(Data extracted from a collection)

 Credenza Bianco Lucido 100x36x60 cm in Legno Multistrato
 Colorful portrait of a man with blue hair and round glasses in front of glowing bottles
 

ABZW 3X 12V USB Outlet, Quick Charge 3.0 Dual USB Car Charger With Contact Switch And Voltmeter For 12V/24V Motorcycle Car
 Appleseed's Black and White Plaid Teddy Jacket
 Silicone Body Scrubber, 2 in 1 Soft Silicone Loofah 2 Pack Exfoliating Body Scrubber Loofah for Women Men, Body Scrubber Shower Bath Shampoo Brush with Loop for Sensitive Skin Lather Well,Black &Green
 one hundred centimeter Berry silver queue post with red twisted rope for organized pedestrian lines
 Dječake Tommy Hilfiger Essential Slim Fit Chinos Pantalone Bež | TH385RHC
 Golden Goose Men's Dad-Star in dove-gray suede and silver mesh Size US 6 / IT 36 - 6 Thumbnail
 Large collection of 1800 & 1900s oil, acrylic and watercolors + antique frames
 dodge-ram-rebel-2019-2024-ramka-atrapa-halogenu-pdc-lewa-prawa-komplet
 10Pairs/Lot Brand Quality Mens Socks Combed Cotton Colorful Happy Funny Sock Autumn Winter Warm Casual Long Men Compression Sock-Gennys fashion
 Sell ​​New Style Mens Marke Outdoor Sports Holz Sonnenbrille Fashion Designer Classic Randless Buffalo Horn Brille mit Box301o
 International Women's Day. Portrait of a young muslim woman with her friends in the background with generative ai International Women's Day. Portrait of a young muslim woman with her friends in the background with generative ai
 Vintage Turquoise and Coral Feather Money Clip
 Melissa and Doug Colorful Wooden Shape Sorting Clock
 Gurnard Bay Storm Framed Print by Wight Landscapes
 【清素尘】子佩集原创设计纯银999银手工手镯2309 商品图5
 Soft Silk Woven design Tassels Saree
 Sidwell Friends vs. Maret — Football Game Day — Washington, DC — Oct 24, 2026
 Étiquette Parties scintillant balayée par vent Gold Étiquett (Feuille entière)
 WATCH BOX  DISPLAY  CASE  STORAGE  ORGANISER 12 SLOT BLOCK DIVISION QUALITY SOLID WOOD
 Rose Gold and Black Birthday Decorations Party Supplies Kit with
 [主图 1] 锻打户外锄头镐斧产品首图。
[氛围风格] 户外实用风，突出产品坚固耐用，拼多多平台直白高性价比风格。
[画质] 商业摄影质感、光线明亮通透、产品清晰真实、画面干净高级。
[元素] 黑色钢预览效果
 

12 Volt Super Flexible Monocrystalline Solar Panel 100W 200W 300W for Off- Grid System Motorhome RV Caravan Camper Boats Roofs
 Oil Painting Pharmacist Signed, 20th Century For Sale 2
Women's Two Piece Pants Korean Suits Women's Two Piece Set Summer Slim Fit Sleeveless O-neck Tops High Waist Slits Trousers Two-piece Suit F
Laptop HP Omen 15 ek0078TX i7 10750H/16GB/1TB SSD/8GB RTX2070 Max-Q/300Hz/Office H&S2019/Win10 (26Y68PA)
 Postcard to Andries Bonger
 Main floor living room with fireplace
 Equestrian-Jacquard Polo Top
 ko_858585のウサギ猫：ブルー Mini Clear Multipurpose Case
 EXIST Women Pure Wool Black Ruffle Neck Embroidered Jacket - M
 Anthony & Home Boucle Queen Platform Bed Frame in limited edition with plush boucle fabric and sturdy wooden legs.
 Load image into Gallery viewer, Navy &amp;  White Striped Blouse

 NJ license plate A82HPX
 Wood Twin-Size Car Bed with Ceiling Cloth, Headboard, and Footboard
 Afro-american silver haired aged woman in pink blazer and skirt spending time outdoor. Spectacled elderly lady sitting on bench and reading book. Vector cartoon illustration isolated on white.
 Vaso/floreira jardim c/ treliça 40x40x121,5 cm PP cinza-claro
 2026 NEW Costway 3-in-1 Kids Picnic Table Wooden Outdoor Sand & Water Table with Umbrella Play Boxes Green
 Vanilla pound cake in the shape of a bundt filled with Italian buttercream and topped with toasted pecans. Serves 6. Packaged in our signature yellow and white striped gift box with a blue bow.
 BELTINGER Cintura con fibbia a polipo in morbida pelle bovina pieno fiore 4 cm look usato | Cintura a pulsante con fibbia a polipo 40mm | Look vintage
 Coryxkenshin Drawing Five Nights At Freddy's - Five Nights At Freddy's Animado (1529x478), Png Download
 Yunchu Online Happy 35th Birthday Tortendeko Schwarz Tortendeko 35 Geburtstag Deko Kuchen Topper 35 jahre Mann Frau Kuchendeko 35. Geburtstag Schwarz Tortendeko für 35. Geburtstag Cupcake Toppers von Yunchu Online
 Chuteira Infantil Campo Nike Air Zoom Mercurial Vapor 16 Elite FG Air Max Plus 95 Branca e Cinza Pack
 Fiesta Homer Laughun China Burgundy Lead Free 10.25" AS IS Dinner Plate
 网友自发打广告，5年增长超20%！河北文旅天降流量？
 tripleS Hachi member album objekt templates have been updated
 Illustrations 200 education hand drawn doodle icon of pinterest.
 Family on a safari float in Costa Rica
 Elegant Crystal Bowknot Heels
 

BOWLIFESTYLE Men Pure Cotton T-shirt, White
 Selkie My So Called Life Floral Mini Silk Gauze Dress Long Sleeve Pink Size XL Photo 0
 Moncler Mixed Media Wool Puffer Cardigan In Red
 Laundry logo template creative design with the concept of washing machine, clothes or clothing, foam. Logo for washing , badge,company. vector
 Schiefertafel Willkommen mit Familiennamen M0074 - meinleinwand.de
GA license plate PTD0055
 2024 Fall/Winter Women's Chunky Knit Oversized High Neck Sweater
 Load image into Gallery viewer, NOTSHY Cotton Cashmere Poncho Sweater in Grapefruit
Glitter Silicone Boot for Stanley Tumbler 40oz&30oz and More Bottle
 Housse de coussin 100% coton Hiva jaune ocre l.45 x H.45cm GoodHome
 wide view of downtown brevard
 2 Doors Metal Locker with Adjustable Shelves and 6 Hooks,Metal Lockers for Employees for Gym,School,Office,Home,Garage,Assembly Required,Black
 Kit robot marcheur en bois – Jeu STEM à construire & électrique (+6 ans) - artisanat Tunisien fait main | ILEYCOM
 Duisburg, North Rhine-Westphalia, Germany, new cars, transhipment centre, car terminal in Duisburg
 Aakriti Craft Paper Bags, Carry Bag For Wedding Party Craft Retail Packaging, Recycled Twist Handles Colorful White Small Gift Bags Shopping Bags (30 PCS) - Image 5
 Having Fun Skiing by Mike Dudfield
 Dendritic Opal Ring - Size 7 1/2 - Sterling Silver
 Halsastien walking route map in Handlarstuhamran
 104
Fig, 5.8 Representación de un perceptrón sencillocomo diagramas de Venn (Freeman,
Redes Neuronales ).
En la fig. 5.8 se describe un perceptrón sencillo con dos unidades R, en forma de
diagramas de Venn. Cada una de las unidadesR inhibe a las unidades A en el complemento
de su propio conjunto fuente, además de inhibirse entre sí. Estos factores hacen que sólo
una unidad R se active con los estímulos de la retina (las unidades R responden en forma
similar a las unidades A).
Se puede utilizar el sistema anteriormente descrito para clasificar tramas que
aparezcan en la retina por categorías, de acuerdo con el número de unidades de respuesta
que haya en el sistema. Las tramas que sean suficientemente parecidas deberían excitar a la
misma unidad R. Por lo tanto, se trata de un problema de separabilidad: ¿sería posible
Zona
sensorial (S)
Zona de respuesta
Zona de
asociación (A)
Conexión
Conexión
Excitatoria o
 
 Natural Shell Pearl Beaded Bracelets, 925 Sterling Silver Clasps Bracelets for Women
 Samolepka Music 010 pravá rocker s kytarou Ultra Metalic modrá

> Work instructions:
Word for word, repeat the data from its first line through the line with "Appleseed's Black and", including both of those lines and no others.

> Solution to this problem:
 Credenza Bianco Lucido 100x36x60 cm in Legno Multistrato
 Colorful portrait of a man with blue hair and round glasses in front of glowing bottles
 

ABZW 3X 12V USB Outlet, Quick Charge 3.0 Dual USB Car Charger With Contact Switch And Voltmeter For 12V/24V Motorcycle Car
 Appleseed's Black and White Plaid Teddy Jacket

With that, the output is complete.